Necesitamos ser enfáticos en el hecho de que al analizar el código de trabajo actual y proponer reformas, las mismas deben ir encaminadas a eliminar todo tipo de privilegios que actualmente contiene ese nefasto “muro de Berlín”. Debemos ser minuciosos al momento de determinar qué es realmente un derecho y qué constituye un privilegio. Puede sonar difícil en un principio, debido a que estos sectores mal llamados representantes de los trabajadores evocarán multitud de frases bien adornadas bajo palabras como solidaridad, justicia social, filantropía o fraternidad; y precisamente por tal motivo debemos ser mucho más hábiles y perspicaces al momento de desenmascararlos y exponer sus verdaderos intereses, que no son más que lograr una mayor pauperización de los trabajadores para crear redes clientelares a las cuales les prometerán el oro y el moro a costa de desangrar a los empresarios y crear rivalidades ficticias que desencadenarán inevitablemente en conflictos, confrontaciones, violencia y una democratización de la pobreza y el hambre, seguido de una ruptura del tejido social y del orden civilizatorio.

El Ecuador no puede soportar por más tiempo leyes institucionalizadoras de la expoliación. El país no aguanta ideales fantoches y mentirosos. Mientras países vecinos como Colombia y Perú se proyectan al futuro con reformas que atraigan la prosperidad, en Ecuador seguimos estancándonos y hundiéndonos por la aplicación de medidas tercermundistas propias de inicios del siglo XX y leales a proyectos totalitarios e inhumanos como el marxismo-leninismo, que ve en el progreso de los pocos la miseria de los muchos y que propone como alternativa el odio, el resentimiento, la envidia y la violencia.

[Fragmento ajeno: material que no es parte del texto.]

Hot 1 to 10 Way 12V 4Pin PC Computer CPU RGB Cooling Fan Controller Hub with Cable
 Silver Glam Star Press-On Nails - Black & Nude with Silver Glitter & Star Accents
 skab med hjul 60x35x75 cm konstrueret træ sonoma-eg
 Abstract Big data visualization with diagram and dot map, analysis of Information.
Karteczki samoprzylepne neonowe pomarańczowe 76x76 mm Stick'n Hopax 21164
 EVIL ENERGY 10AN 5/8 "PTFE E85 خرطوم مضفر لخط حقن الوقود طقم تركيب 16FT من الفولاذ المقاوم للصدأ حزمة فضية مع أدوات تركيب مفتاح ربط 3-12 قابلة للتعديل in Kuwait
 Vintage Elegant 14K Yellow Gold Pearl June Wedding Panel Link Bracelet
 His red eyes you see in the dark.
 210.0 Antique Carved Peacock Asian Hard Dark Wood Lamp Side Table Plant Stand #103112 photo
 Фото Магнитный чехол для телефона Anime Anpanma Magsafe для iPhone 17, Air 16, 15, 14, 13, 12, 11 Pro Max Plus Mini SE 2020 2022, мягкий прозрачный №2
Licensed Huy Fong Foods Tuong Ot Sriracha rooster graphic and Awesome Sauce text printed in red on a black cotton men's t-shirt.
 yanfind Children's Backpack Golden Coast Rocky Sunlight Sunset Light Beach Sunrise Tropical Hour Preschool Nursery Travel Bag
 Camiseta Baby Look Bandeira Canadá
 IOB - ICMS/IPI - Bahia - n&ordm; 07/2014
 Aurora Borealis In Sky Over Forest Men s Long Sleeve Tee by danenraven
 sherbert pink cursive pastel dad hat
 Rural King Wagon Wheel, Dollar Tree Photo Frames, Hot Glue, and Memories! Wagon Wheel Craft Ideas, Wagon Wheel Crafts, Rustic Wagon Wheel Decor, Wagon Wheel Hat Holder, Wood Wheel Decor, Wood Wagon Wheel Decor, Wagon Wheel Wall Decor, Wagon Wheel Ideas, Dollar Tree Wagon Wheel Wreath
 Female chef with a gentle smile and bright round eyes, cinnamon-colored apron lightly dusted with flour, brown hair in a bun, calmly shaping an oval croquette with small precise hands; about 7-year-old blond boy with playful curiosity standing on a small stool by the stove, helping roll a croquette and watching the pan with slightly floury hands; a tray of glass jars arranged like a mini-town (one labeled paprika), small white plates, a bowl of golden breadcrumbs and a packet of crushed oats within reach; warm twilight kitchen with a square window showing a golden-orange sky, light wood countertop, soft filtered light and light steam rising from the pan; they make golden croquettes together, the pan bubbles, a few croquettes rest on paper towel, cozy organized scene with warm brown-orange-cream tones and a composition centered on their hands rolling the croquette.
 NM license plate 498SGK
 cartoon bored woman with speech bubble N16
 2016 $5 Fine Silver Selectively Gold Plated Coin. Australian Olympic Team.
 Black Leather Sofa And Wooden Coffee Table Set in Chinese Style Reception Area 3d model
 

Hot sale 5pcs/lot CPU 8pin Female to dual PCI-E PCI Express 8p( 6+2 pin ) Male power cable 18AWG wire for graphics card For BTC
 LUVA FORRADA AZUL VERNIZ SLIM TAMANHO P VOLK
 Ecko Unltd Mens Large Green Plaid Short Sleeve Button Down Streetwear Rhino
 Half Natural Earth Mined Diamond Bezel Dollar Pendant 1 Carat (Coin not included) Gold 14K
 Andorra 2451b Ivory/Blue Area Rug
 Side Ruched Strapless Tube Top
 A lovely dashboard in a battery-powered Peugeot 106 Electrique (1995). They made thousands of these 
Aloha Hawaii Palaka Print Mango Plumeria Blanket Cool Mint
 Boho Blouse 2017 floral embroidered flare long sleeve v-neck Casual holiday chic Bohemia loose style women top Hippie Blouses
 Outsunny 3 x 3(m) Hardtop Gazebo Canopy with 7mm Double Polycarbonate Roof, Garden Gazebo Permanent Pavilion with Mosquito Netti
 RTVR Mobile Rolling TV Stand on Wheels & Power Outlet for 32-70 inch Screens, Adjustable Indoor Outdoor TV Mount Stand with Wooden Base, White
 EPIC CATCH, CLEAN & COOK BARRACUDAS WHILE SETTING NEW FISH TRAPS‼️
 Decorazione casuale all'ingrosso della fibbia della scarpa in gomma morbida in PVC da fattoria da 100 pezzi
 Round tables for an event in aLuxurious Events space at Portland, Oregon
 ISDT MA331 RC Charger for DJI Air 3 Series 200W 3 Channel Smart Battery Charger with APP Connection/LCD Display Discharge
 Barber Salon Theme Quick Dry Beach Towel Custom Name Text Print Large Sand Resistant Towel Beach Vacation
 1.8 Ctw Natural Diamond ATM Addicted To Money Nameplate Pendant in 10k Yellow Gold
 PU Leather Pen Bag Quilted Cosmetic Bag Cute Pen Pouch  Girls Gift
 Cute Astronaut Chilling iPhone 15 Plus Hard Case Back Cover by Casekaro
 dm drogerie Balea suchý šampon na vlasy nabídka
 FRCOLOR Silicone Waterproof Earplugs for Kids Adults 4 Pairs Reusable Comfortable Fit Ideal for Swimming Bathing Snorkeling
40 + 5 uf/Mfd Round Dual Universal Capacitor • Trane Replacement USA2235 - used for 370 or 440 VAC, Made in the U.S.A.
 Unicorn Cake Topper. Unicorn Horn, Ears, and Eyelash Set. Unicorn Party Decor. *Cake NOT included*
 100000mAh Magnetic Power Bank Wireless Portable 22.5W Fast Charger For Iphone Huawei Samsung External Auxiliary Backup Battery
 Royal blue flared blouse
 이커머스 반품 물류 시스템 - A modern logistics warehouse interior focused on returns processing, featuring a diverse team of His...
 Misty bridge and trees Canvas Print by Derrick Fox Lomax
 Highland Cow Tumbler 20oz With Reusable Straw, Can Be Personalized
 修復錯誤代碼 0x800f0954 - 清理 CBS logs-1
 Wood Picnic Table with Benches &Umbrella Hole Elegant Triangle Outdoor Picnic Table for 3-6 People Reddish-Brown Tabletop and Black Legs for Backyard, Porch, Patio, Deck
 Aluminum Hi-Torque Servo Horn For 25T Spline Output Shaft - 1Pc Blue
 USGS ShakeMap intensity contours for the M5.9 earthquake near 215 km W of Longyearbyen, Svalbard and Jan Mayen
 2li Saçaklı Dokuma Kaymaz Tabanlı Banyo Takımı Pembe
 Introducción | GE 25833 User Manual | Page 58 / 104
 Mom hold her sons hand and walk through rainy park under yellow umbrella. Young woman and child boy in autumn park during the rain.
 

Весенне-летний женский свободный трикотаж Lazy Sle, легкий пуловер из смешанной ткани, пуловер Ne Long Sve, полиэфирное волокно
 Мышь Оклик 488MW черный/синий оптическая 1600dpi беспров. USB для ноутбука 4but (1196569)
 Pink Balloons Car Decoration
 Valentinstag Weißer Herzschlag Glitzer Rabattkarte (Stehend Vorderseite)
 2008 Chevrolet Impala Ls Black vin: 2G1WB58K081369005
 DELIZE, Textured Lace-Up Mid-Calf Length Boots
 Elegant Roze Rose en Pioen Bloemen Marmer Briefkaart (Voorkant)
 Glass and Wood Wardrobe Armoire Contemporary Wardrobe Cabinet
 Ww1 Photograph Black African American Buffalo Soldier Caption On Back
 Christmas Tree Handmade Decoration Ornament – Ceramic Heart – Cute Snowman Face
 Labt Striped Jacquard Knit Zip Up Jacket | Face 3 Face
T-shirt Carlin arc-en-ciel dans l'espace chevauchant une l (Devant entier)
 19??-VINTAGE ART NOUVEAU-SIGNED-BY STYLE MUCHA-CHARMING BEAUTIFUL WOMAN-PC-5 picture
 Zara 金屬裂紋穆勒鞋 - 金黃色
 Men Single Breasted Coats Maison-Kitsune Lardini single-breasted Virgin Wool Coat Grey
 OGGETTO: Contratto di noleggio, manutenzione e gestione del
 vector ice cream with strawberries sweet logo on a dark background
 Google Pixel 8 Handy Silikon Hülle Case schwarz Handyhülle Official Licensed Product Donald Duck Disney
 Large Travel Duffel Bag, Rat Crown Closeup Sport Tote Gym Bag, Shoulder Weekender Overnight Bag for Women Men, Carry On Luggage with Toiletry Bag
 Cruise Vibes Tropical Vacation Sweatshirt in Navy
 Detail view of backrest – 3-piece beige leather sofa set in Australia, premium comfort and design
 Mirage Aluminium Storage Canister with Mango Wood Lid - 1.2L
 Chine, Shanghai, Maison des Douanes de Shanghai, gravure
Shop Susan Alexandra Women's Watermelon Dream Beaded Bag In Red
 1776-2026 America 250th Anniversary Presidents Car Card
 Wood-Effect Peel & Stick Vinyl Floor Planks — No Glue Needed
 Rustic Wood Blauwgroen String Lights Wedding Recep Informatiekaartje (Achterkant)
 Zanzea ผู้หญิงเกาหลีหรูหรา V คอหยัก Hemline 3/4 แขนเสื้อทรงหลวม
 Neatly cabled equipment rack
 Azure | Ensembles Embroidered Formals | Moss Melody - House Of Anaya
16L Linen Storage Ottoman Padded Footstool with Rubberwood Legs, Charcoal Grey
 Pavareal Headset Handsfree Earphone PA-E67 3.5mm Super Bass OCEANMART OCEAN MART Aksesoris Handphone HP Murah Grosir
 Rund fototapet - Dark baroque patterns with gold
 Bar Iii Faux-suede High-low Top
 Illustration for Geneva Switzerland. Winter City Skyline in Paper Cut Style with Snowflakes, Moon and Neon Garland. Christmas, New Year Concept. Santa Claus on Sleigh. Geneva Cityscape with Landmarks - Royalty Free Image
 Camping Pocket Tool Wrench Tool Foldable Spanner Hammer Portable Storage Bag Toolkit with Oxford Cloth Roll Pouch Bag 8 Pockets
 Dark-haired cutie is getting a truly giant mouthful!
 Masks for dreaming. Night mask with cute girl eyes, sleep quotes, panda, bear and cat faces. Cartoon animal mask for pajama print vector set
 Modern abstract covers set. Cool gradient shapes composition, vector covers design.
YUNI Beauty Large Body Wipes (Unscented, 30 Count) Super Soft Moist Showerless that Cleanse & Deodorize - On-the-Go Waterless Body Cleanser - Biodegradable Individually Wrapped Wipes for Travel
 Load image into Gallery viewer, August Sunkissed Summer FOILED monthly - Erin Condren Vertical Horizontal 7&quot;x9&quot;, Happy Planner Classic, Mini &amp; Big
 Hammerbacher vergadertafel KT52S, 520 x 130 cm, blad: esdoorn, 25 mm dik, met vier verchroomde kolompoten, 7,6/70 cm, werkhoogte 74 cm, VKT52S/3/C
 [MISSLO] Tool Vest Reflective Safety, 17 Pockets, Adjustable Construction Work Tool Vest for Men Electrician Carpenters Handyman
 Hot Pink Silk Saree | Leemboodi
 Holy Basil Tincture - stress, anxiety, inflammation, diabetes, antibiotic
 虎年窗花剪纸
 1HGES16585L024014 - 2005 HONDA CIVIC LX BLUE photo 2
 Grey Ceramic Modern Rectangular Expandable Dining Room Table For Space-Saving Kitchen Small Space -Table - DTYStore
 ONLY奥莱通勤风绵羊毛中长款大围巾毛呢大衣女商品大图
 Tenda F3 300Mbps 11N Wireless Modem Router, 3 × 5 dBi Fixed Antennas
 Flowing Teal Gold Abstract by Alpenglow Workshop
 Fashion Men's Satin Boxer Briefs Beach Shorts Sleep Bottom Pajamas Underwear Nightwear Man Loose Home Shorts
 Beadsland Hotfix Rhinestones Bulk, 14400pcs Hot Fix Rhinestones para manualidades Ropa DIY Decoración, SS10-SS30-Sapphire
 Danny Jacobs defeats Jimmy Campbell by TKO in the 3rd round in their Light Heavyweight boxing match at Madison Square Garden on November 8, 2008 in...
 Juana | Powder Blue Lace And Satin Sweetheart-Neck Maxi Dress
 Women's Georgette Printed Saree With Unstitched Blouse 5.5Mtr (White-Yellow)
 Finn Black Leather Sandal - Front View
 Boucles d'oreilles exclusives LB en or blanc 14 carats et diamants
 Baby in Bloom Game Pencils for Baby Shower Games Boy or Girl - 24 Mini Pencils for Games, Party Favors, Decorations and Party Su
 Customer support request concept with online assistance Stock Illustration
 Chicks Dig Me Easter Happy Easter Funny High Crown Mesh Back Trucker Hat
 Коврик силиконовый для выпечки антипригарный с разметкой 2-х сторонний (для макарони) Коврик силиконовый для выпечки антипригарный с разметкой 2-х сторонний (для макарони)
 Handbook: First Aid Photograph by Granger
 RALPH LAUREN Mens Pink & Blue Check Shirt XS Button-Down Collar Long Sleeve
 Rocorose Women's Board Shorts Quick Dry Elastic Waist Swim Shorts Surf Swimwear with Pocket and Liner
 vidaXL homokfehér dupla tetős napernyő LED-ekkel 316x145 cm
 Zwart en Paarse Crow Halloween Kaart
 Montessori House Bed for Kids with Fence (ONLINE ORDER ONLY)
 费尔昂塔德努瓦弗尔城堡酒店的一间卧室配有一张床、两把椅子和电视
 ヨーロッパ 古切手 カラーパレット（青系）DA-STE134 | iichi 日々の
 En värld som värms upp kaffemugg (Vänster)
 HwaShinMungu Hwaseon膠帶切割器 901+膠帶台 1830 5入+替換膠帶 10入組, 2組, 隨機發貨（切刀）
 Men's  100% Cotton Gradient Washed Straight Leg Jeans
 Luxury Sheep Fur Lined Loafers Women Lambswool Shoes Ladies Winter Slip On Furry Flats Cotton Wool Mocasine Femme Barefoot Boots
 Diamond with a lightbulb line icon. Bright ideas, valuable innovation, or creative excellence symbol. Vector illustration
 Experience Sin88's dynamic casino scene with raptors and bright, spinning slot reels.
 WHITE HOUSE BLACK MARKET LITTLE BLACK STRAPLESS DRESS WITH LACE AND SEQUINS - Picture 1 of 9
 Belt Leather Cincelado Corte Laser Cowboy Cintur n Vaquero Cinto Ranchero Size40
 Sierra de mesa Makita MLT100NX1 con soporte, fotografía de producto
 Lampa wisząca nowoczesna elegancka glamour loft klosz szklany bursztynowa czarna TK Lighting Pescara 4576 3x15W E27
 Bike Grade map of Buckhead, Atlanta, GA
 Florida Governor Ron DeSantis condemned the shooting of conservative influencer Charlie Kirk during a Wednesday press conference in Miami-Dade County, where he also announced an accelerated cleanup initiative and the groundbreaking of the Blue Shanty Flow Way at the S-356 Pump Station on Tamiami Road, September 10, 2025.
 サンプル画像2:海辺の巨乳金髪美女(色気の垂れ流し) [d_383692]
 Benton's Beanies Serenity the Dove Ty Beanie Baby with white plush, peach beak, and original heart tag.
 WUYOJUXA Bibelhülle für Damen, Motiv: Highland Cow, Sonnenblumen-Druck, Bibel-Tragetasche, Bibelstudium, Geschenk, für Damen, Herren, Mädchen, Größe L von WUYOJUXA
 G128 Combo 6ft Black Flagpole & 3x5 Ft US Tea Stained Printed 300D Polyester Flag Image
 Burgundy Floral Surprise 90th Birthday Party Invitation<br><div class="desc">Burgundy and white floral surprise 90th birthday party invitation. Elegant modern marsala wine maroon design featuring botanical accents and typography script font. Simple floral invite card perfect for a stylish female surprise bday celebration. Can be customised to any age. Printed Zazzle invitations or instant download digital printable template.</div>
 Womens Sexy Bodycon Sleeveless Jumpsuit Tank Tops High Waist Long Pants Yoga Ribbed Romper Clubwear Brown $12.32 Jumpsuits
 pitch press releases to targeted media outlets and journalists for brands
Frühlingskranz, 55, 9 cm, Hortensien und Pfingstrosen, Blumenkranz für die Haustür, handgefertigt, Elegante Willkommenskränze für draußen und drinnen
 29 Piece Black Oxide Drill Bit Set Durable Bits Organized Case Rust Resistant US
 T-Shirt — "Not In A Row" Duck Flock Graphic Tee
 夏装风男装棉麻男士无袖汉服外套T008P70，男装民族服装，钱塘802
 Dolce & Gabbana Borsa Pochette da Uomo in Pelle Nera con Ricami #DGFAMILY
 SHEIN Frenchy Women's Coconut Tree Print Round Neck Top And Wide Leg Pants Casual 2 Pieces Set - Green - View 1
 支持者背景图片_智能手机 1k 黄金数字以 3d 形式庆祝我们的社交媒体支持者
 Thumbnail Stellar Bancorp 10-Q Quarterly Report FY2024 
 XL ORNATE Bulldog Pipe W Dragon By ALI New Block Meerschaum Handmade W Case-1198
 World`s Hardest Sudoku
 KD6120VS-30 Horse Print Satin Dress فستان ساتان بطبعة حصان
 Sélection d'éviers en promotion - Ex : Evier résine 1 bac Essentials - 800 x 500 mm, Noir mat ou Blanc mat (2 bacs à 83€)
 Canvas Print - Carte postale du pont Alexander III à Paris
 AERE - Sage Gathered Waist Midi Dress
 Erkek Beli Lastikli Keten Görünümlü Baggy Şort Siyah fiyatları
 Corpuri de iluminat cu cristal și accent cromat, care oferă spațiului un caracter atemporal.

Por ello, el objetivo que debemos perseguir es la conciliación entre empresarios y trabajadores, fomentar la libertad de asociación y la libertad contractual, facilitar la inserción en la economía y el trabajo formal, fomentar la inversión y el ahorro para crear nuevas fuentes de empleo, apoyar a las pequeñas y medianas empresas, eliminar privilegios y acabar con el entorpecimiento estatal. El Ecuador no aguanta más esta situación, es tiempo de que, acompañados por la lógica y la razón, los ecuatorianos sigamos el mismo ejemplo que los alemanes y los países de Europa oriental en 1989 y tumbemos los vestigios de ideas fracasadas que siguen presentes en muchas de nuestras leyes y que solo fortalecen nuestro anclaje al tercermundismo.